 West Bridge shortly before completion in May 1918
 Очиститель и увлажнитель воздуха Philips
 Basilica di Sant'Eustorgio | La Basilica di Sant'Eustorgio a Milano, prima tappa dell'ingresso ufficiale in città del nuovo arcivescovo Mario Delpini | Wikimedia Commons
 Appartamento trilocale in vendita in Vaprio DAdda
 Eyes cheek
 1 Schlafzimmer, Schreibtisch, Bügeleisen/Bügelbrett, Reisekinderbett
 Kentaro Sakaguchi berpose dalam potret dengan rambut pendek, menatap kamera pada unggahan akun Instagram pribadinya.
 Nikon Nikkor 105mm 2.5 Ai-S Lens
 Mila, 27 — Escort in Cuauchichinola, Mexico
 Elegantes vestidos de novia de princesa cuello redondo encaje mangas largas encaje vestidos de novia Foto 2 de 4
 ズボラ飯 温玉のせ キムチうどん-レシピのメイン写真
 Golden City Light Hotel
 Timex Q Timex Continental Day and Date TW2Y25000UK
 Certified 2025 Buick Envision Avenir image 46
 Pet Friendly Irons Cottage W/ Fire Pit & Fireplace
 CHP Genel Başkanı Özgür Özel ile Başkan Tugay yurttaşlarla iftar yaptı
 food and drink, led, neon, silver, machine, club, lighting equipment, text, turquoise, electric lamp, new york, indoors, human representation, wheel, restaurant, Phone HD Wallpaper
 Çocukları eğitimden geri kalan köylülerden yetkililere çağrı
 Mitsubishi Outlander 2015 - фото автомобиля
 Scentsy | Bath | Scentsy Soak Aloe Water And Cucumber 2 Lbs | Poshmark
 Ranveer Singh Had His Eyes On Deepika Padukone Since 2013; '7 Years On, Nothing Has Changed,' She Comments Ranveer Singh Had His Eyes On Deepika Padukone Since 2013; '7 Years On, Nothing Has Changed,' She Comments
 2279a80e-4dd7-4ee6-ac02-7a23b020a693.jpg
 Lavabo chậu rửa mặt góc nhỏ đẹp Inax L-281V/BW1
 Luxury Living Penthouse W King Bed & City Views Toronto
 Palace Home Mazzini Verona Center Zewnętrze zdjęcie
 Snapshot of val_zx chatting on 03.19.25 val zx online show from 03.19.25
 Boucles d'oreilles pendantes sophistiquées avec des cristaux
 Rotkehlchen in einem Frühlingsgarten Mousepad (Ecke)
::::
Read the lines above. Gather those in which the string "City" is found.

- [Completed exercise]
 Golden City Light Hotel
 Luxury Living Penthouse W King Bed & City Views Toronto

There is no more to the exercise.